Task directions.
Please restate the records below verbatim, omitting every image they hold.

Scraped caption text data:

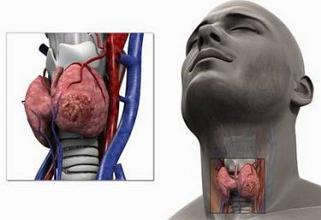 甲状腺疾病民间偏方真相大求真，想快速康复，你该小心了！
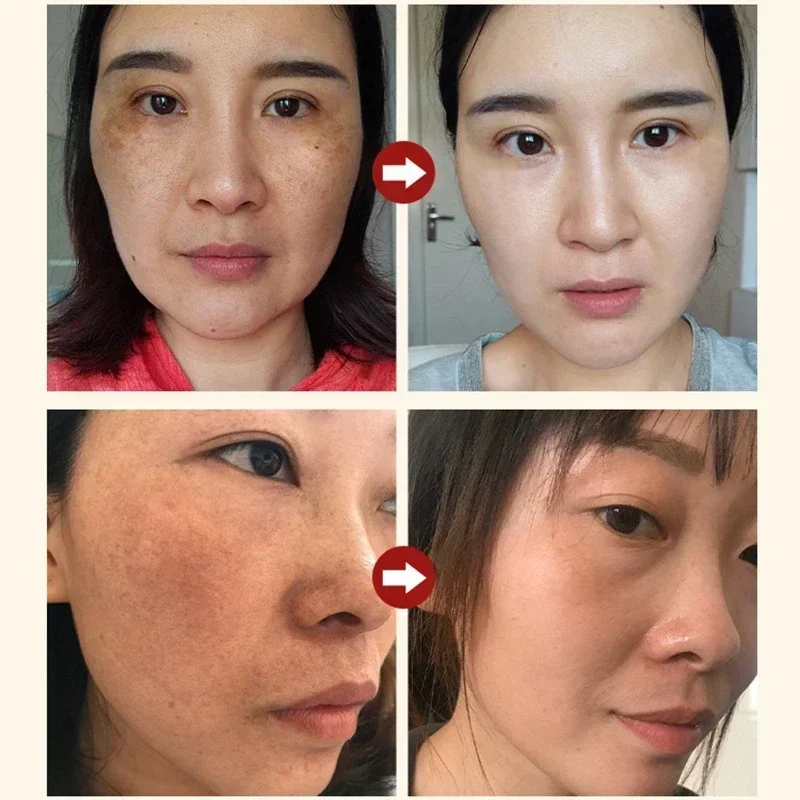 Powerful Dark Spots Remover Fr - Licorice Root Extract 评论和价格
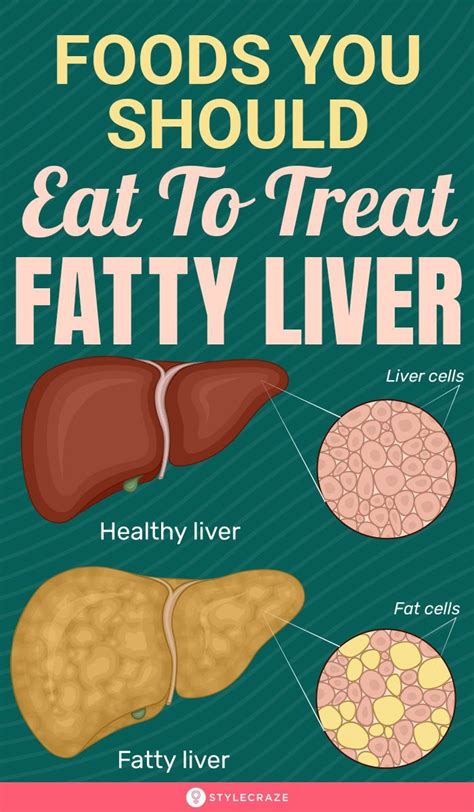 Fatty Liver Diet, Foods To Cleanse Liver, Foods For Liver Health, Liver Detox Diet, Healthy ...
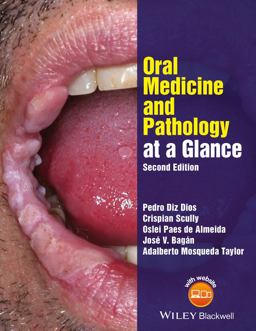 Oral Medicine and Pathology at a Glance 2nd 9781119121343 Front Cover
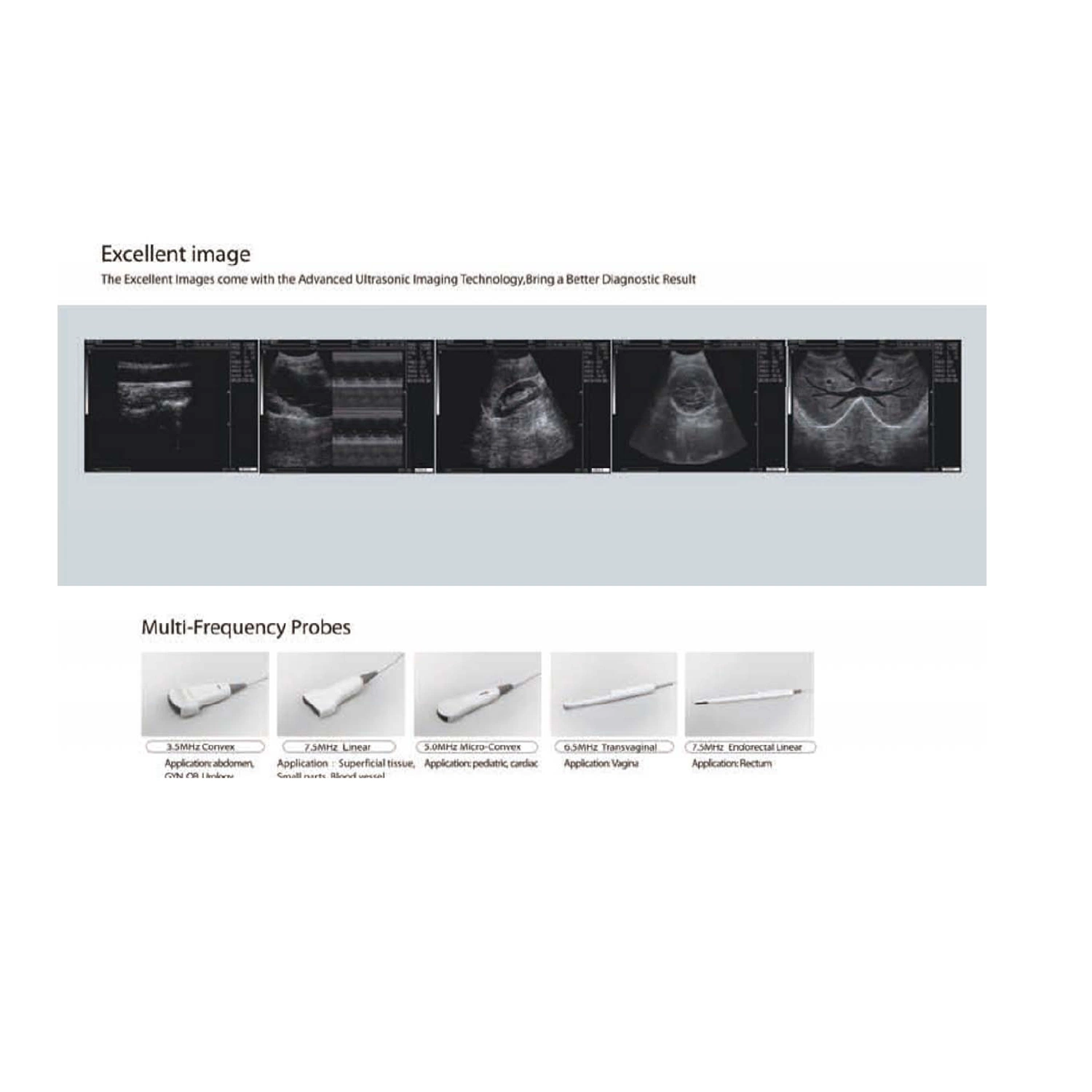 80 Element Digital Trolley Ultrasound Scanner/Ultrasound Machine (PW-9618C)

Your solution.
 甲状腺疾病民间偏方真相大求真，想快速康复，你该小心了！
 Powerful Dark Spots Remover Fr - Licorice Root Extract 评论和价格
 Fatty Liver Diet, Foods To Cleanse Liver, Foods For Liver Health, Liver Detox Diet, Healthy ...
 Oral Medicine and Pathology at a Glance 2nd 9781119121343 Front Cover
 80 Element Digital Trolley Ultrasound Scanner/Ultrasound Machine (PW-9618C)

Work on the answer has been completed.